Na primeira entrevista depois de tomar posse como presidente do Turismo de Portugal, Carlos Abade, revela que espera receitas de 23 mil milhões de euros, o que representa um crescimento de 9% em relação ao ano passado.
"Tudo indica que, em 2023, o valor das receitas turísticas seja maior do que 21,1 mil milhões de euros, como é evidente. Já estamos com 39% de crescimento, está acima daquilo que era a projeção feita em 2021; quando em 2021 projetámos o crescimento para os próximos 6 anos, para 2027, aquilo que foi o objetivo lançado para 2027, eram 27 mil milhões de euros de receitas turísticas. Eu recordo que em 2019 nós estávamos a partir de um valor de 18,4 mil milhões, em 2022, este valor de 21 mil milhões de euros já representa um salto qualitativo bastante significativo", adianta Carlos Abade.

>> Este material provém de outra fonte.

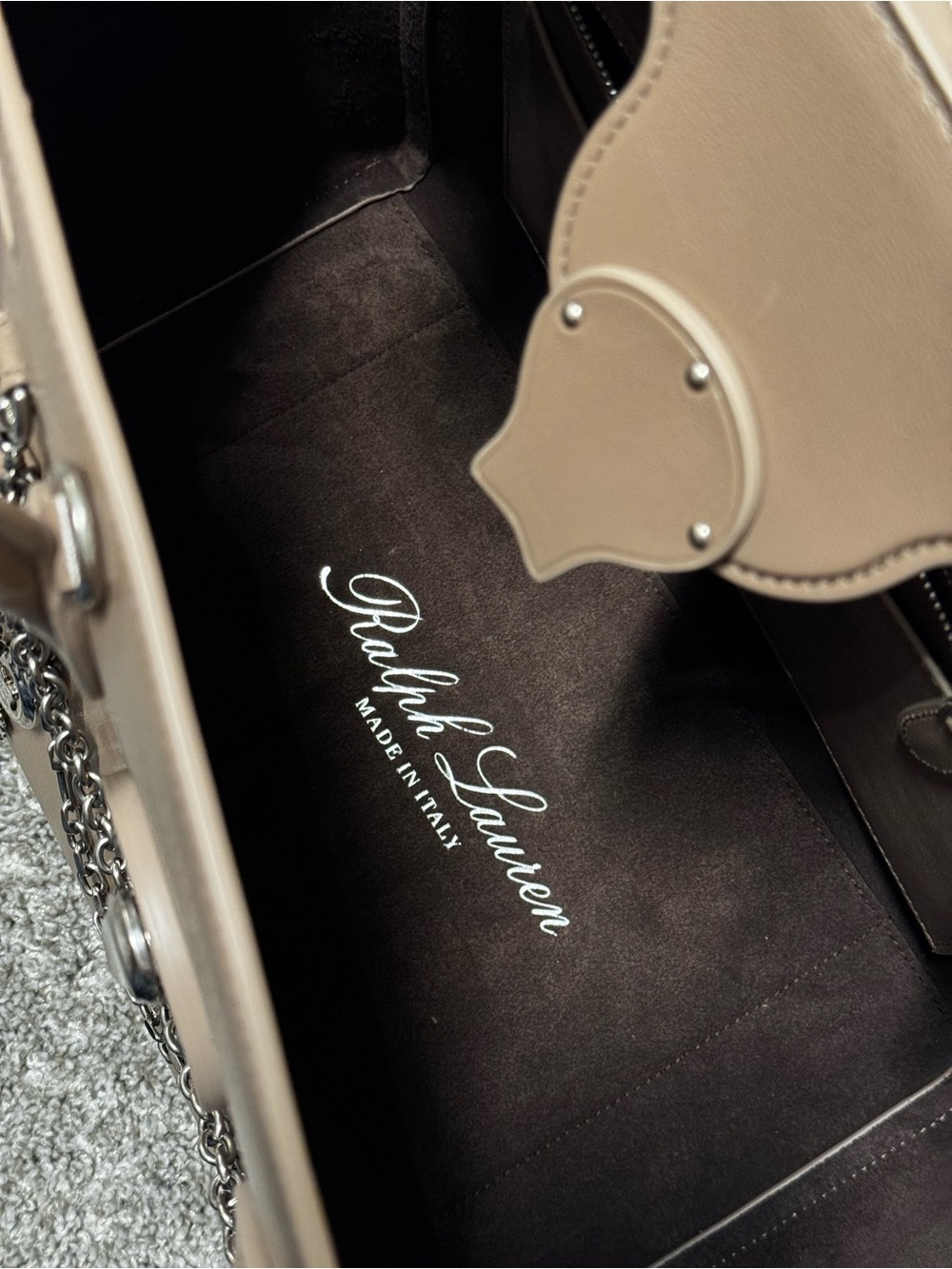 Extra-Soft Ricky 33 Washed Leather Bag - Picture 9 of 14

O responsável acrescenta que "se nós chegarmos aos 23 mil milhões de euros, será seguramente uma verba que me parece perfeitamente aceitável para conseguirmos alcançar".

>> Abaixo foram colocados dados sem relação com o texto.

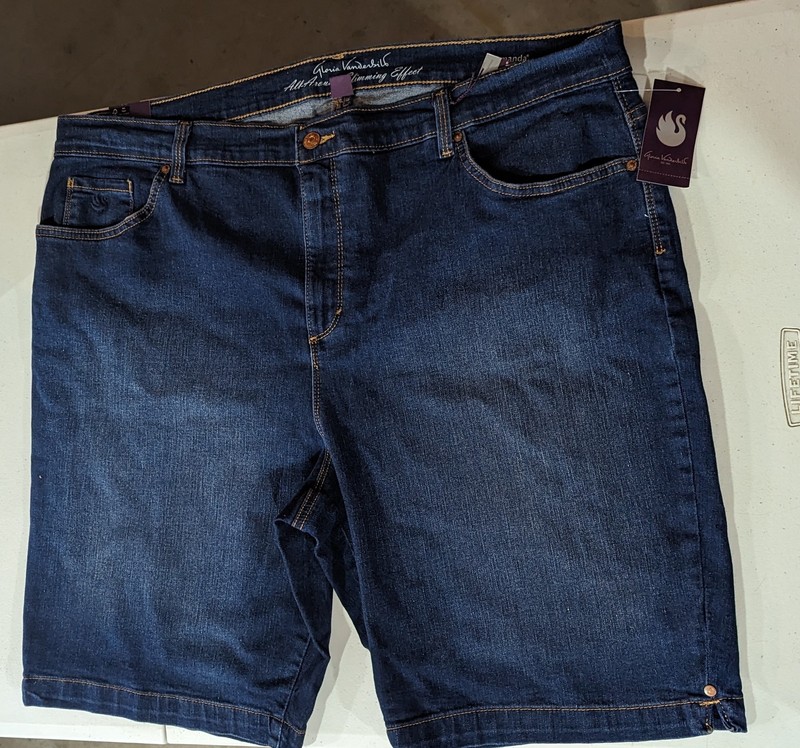 NWT Gloria Vanderbilt Amanda Bermuda Short 22W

O Turismo de Portugal afirma ainda estar atento à proposta da ANA-Aeroportos de aumento de 18% das taxas aeroportuárias em Lisboa, sem se pronunciar sobre o montante do aumento Carlos Abade explica que as taxas influenciam Portugal como destino porque "interfere naquilo que é a competitividade das rotas, mas é uma dimensão que tem que ser vista com atenção. A dimensão e a fixação das taxas deve ter em consideração não só aquilo que é o objetivo da taxa propriamente dito, mas que não pode colocar em causa aquela que é a competitividade de Portugal, enquanto um destino para a viagens aéreas".
Ainda esta semana a Comissão Técnica Independente do novo aeroporto propôs varias medidas para melhor as partidas e chegadas ao Humberto Delgado são medidas bem vindas que não passam de "um paliativo", sustenta Carlos Abade.

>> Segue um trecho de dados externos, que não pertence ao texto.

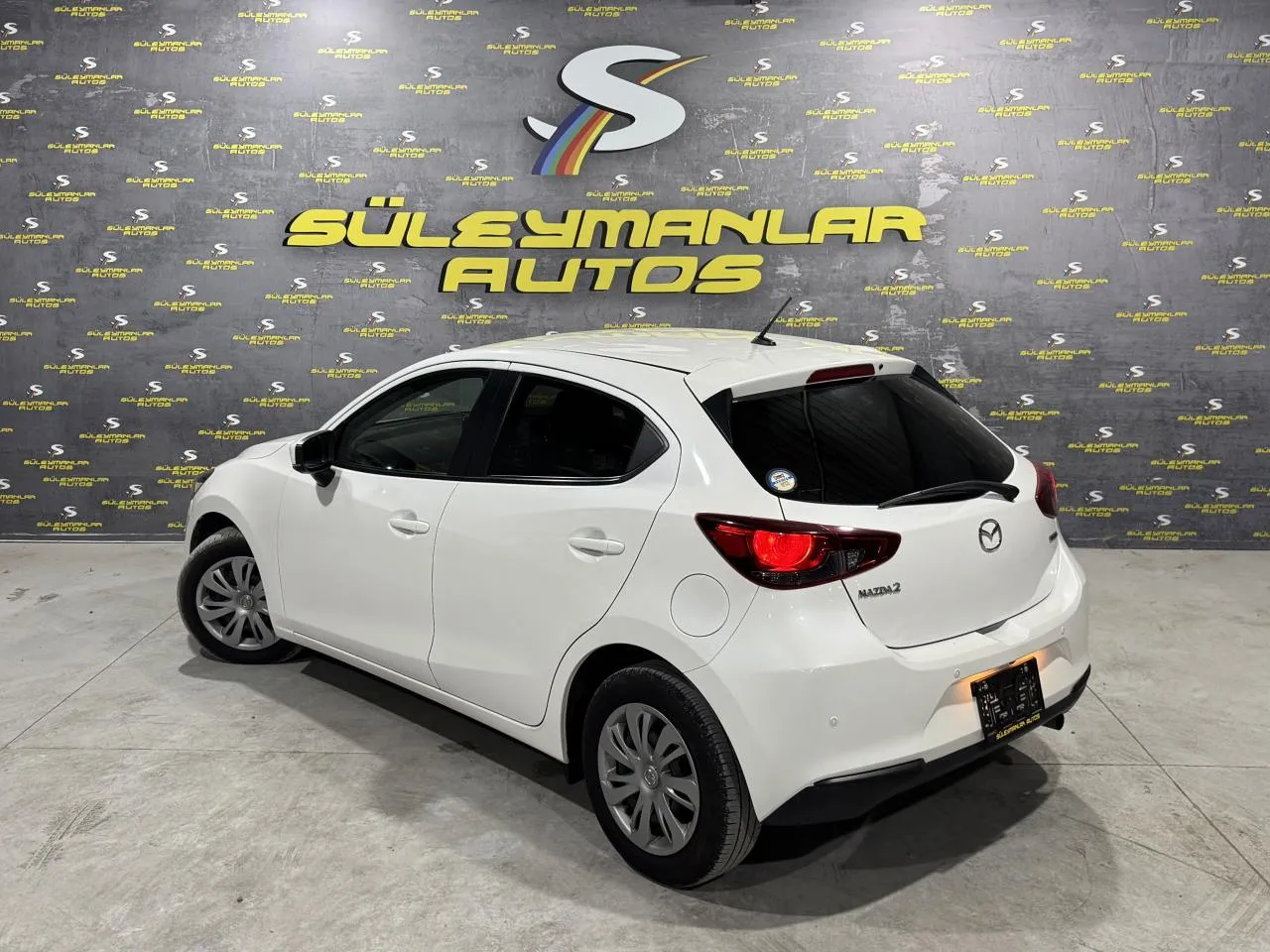 2023 Mazda 2 1.5 Sky-G Kıbrıs | KKTC İkinci El Satılık Araba - Thumbnail 4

Carlos Abade é presidente do Turismo de Portugal há três meses.
Agosto registou um recorde de mais de 10 milhões de dormidas. Esperam-se novos máximos agora que a época baixa começou?
Se tivermos em conta a quebra muito significativa dos anos de 2020 e 2021, este ano registou uma recuperação bastante expressiva e os primeiros oito meses de 2023 apenas revelam que estamos a viver os melhores números de sempre do setor do turismo. Projetamos que este crescimento continue ao longo do ano e que possamos chegar ao final de 2023 com um ano melhor do que foi 2019.
Qual é o valor esperado das receitas turísticas este ano, depois do histórico resultado de 21 mil milhões de euros alcançados em 2022?
As receitas do turismo apresentam, a esta data, um crescimento de 39% relativamente ao valor de 2019. Este crescimento está acima da projeção feita em 2021, cujo objetivo era o de atingir, em 2027, 27 mil milhões de euros em receitas turísticas. Se chegarmos aos 23 mil milhões de euros este ano será uma verba que me parece perfeitamente aceitável de alcançar.
A boa performance das contas faz-se, sobretudo, à boleia do aumento dos preços. A responsabilidade é apenas da inflação ou o país continua a posicionar-se como um destino mais caro?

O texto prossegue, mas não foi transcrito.